Abdel Fattah el-Sisi has promised to "care for the interests of the people" and build a stronger Egypt as he was sworn in as the country's new president.
The former army chief took the oath of office at the Constitutional Court in a suburb south of the Egyptian capital Cairo, the same venue where Mohamed Morsi, the president who he deposed, was sworn in two years ago.
"I swear by almighty God to preserve the republican system, and to respect the constitution and the law and to care for the interests of the people; and to preserve the independence of the nation and its territorial integrity," Sisi said.
"We will solve the problems of the past and build an Egypt of the future ... Let our differences be the source of enrichment, diversity and giving that add the spirit of cooperation and love to our work.''
Sisi is the fifth Egyptian president to come from the army's ranks. The ceremony also marked the first time one president handed power to the next, although Adly Mansour, the former interim president, was appointed by Sisi.
Sunday was declared a national holiday and tight security was enforced by the police and military throughout Cairo.
"Cairo has announced a state of emergency across its institutions, and no breaks will be taken today and on Sunday," Ahmed Sakr, the deputy governor of Cairo, said on Saturday.
Sisi was declared the country's president last week after winning 96.6 percent of the presidential vote, beating the only other contender, Hamdeen Sabahi, who won 3.09 percent.
Several regional heads of state were among those who attended the ceremony.

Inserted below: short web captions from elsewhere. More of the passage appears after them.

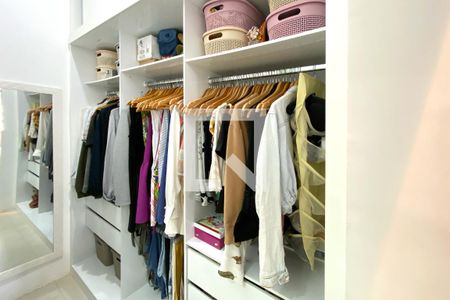 Closet da suíte 1 de apartamento à venda com 2 quartos, 65m² em Serra, Belo Horizonte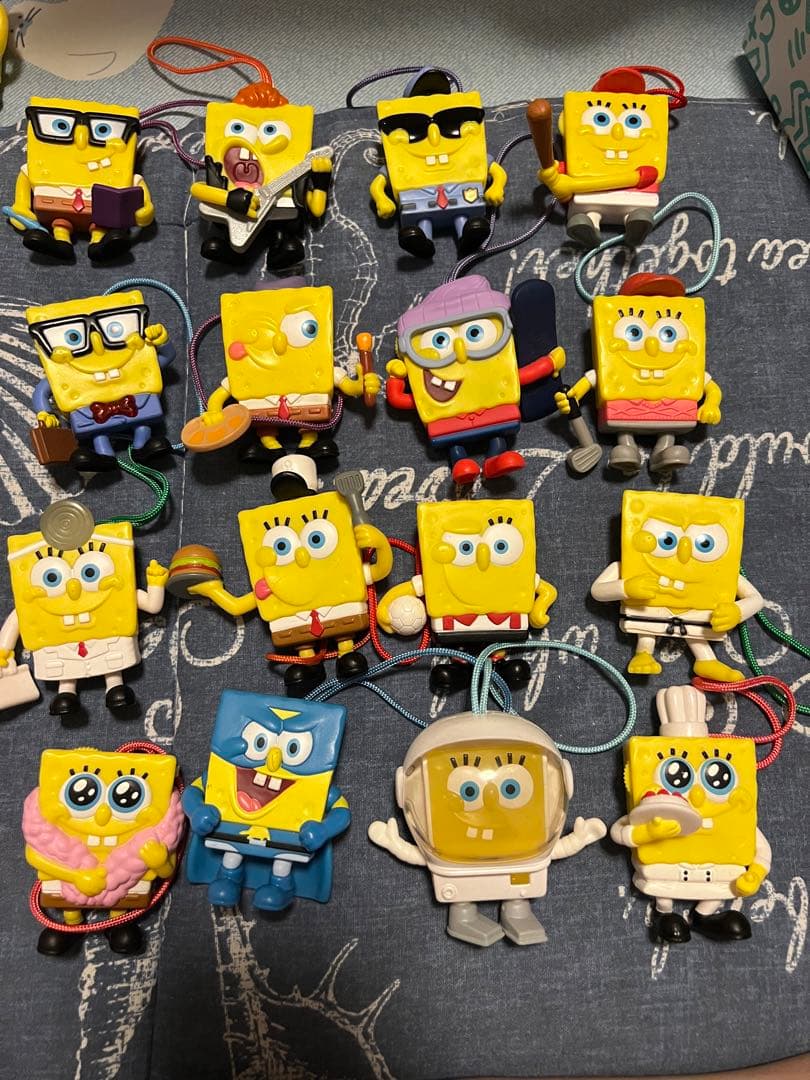 スポンジボブ　ハッピーセットストラップフィギュア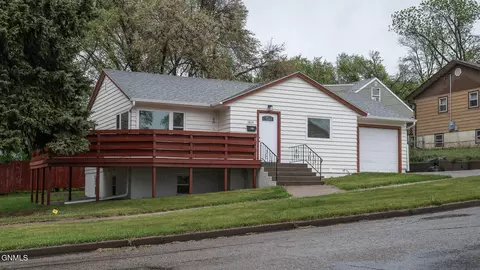 1814 E Avenue B, Bismarck, ND 58501 photo 37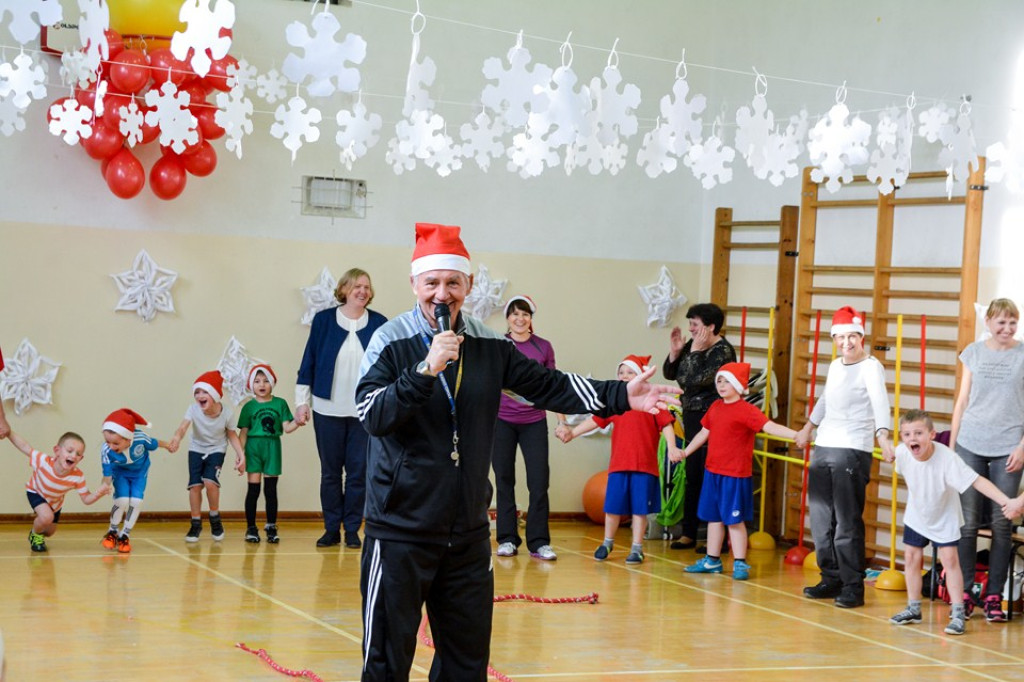 Drugi Integracyjny Mikołajkowy Turniej Gier i Zabaw w SP Gałązczycach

Fawaz Gerges, a professor of international relations at the London School of Economics, said that a strong president would be welcomed by many Egyptians who are tired of the upheaval of the last four years.
"Many Egyptians are exhausted. Forty percent live in poverty. They want stability and that is why they voted for Sisi."
An Egyptian court on Saturday sentenced 10 Muslim Brotherhood supporters to death in absentia on charges including inciting violence after the army toppled Morsi last July.
The same court on Saturday postponed until July 5 a verdict in the trial of the Brotherhood's leader, Mohamed Badie, and scores of others for inciting violence.
Badie is being tried in nearly 40 cases, all of which potentially carry the death penalty, and has already been sentenced to death in one case.
Asraf Abdul Ghaffar, a senior member of the Brotherhood, told Al Jazeera that he believed many in Egypt did not recognise Sisi's presidency.
"Sisi is not the president. Morsi has not resigned. The legitimate president is Mohamed Morsi," he said. "Sisi has cracked the Egyptian community."